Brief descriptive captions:
══════════════════════════════

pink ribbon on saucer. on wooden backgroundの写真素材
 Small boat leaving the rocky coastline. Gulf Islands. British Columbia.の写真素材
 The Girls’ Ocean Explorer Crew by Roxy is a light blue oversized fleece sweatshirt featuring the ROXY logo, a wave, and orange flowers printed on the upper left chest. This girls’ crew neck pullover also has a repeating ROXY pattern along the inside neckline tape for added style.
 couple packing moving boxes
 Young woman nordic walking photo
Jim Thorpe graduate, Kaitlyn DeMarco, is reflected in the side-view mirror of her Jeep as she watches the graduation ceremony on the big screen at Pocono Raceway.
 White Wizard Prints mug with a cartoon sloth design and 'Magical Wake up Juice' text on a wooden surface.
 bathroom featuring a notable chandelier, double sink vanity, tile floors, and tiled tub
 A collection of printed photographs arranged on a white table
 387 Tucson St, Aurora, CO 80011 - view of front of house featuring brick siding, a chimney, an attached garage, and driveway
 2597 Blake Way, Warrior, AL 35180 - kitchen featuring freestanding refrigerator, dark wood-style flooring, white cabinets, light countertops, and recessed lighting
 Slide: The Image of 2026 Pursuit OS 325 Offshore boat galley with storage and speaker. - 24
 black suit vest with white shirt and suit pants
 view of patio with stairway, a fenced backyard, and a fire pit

══════════════════════════════

### WORK TO COMPLETE
Repeat the lines above exactly.

### TASK OUTPUT
pink ribbon on saucer. on wooden backgroundの写真素材
 Small boat leaving the rocky coastline. Gulf Islands. British Columbia.の写真素材
 The Girls’ Ocean Explorer Crew by Roxy is a light blue oversized fleece sweatshirt featuring the ROXY logo, a wave, and orange flowers printed on the upper left chest. This girls’ crew neck pullover also has a repeating ROXY pattern along the inside neckline tape for added style.
 couple packing moving boxes
 Young woman nordic walking photo
Jim Thorpe graduate, Kaitlyn DeMarco, is reflected in the side-view mirror of her Jeep as she watches the graduation ceremony on the big screen at Pocono Raceway.
 White Wizard Prints mug with a cartoon sloth design and 'Magical Wake up Juice' text on a wooden surface.
 bathroom featuring a notable chandelier, double sink vanity, tile floors, and tiled tub
 A collection of printed photographs arranged on a white table
 387 Tucson St, Aurora, CO 80011 - view of front of house featuring brick siding, a chimney, an attached garage, and driveway
 2597 Blake Way, Warrior, AL 35180 - kitchen featuring freestanding refrigerator, dark wood-style flooring, white cabinets, light countertops, and recessed lighting
 Slide: The Image of 2026 Pursuit OS 325 Offshore boat galley with storage and speaker. - 24
 black suit vest with white shirt and suit pants
 view of patio with stairway, a fenced backyard, and a fire pit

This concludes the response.